In Monday, online content-recommending start-ups Taboola announced the acquisition of Perfect Harsh, which specializes in the flow of publishers ' web sites to audiences, but did not disclose details of specific deals. At the same time, Taboola has released a set of publisher tools called Taboola-x, which will incorporate perfect harsh products.
Taboola is a start-up that helps publishers to boost traffic and make money from advertising, founded in 2007, headquartered in New York and with research and development teams in Israel. Its content recommendation platform allows publishers to highlight selected videos and articles, recommending their content to readers based on parameters such as browsing history. This content can be derived either from the publisher or from an external distributor. The recommended content may also include some paid external links-so-called native ads or sponsored content. The recommended form is typically a set of thumbnail libraries that tend to appear at the bottom of a web news story or in content that its partners might post.

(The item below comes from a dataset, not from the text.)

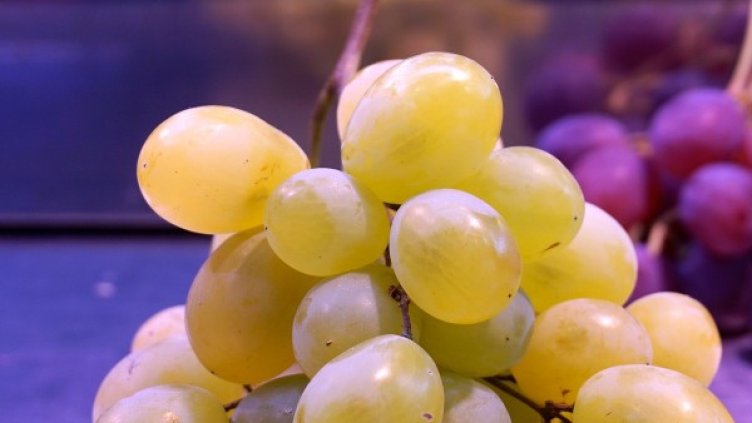 Снимка: pixabay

Taboola's clients include Yahoo Japan, Bloomberg, USA Today and the Huffington Post. Its monthly number of independent visitors reached about 400 million, the monthly content recommended about 150 billion times. Taboola's business has grown by 250% in the past 8 months, and its annual revenue will reach $250 million trillion after acquisitions.
Taboola has previously financed 40 million of dollars from Pitango Venture Capital, Evergreen Venture and Marker LLC.
Perfect Harsh is a start-up that provides distributors with a flow-and-audience interaction technology, headquartered in Los Angeles. Its text-type advertising will open up a new market for Taboola. Previously, its total financing exceeded 30 million U.S. dollars, Comcast Ventures, Trinity Ventures and Idealab were among their investors. Both the Tribune and The Washington Post are perfect harsh customers, with about 200 websites using perfect harsh social media sharing recommendations to promote the site's subscription and registration.